=== Supplied records ===

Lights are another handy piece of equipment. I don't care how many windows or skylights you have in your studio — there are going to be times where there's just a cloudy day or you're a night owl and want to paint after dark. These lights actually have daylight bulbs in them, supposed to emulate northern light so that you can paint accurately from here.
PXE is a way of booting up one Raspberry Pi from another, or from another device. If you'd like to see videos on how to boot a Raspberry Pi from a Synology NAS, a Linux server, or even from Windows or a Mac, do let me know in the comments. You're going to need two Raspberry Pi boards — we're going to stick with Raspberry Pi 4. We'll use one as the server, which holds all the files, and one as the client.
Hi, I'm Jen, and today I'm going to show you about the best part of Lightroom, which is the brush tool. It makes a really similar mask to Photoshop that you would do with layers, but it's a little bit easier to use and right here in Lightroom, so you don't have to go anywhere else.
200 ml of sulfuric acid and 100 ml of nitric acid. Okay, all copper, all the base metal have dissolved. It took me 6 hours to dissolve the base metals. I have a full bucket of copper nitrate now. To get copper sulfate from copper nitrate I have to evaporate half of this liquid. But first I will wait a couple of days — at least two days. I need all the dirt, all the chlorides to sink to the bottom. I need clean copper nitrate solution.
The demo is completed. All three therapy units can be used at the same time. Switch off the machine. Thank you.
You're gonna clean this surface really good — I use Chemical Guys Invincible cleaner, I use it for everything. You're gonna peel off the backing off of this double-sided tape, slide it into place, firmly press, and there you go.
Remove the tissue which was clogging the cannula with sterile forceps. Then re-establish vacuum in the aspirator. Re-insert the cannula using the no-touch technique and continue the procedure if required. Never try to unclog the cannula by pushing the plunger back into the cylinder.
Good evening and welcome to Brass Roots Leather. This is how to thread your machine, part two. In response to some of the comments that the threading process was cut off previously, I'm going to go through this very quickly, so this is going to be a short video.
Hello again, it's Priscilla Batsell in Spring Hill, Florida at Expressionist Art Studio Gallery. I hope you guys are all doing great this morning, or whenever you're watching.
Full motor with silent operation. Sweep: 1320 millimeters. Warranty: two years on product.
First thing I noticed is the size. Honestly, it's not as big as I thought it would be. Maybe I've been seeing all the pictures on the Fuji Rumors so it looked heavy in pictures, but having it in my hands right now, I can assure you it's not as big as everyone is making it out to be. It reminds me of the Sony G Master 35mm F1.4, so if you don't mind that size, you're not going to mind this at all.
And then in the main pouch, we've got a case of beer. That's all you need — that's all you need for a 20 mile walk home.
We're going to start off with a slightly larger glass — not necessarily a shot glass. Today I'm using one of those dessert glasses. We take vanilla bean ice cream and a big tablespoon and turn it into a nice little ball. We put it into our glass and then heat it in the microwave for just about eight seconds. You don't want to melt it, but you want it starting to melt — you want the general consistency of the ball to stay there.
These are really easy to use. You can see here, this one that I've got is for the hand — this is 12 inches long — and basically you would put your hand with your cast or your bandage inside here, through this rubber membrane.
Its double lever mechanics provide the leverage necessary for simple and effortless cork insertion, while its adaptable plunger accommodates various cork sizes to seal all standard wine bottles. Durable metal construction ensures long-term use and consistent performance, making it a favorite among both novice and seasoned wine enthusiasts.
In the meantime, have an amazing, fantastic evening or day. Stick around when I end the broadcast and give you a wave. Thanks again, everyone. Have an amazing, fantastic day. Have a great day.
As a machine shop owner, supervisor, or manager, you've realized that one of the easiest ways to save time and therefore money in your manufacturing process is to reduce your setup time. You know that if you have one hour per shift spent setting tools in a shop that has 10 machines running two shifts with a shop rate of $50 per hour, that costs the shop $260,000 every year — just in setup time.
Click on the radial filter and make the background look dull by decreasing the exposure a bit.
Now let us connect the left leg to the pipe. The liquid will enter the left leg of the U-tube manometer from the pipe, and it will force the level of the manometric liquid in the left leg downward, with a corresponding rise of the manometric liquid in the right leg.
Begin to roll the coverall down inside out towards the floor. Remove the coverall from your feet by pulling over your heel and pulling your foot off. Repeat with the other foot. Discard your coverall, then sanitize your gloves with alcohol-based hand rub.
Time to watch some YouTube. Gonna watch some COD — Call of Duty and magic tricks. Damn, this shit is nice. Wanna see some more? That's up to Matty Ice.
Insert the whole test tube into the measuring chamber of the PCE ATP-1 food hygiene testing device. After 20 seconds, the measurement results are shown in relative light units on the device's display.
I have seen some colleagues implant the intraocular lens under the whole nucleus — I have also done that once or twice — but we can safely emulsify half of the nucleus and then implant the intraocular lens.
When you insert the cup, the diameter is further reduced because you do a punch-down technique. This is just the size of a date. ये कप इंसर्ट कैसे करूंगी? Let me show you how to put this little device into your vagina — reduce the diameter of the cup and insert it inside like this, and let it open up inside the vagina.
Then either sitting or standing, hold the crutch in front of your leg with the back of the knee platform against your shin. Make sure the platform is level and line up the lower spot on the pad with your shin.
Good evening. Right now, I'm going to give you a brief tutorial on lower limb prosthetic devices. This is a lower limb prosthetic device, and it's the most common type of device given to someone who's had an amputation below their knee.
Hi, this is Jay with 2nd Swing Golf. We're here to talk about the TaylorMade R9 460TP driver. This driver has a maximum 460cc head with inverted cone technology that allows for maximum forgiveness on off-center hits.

===

▶ _Required action_
Could you return exactly the stretch of the data above that starts at the line with "First thing I" and ends at the line with "As a machine", both lines included?

▶ _Answer area_
First thing I noticed is the size. Honestly, it's not as big as I thought it would be. Maybe I've been seeing all the pictures on the Fuji Rumors so it looked heavy in pictures, but having it in my hands right now, I can assure you it's not as big as everyone is making it out to be. It reminds me of the Sony G Master 35mm F1.4, so if you don't mind that size, you're not going to mind this at all.
And then in the main pouch, we've got a case of beer. That's all you need — that's all you need for a 20 mile walk home.
We're going to start off with a slightly larger glass — not necessarily a shot glass. Today I'm using one of those dessert glasses. We take vanilla bean ice cream and a big tablespoon and turn it into a nice little ball. We put it into our glass and then heat it in the microwave for just about eight seconds. You don't want to melt it, but you want it starting to melt — you want the general consistency of the ball to stay there.
These are really easy to use. You can see here, this one that I've got is for the hand — this is 12 inches long — and basically you would put your hand with your cast or your bandage inside here, through this rubber membrane.
Its double lever mechanics provide the leverage necessary for simple and effortless cork insertion, while its adaptable plunger accommodates various cork sizes to seal all standard wine bottles. Durable metal construction ensures long-term use and consistent performance, making it a favorite among both novice and seasoned wine enthusiasts.
In the meantime, have an amazing, fantastic evening or day. Stick around when I end the broadcast and give you a wave. Thanks again, everyone. Have an amazing, fantastic day. Have a great day.
As a machine shop owner, supervisor, or manager, you've realized that one of the easiest ways to save time and therefore money in your manufacturing process is to reduce your setup time. You know that if you have one hour per shift spent setting tools in a shop that has 10 machines running two shifts with a shop rate of $50 per hour, that costs the shop $260,000 every year — just in setup time.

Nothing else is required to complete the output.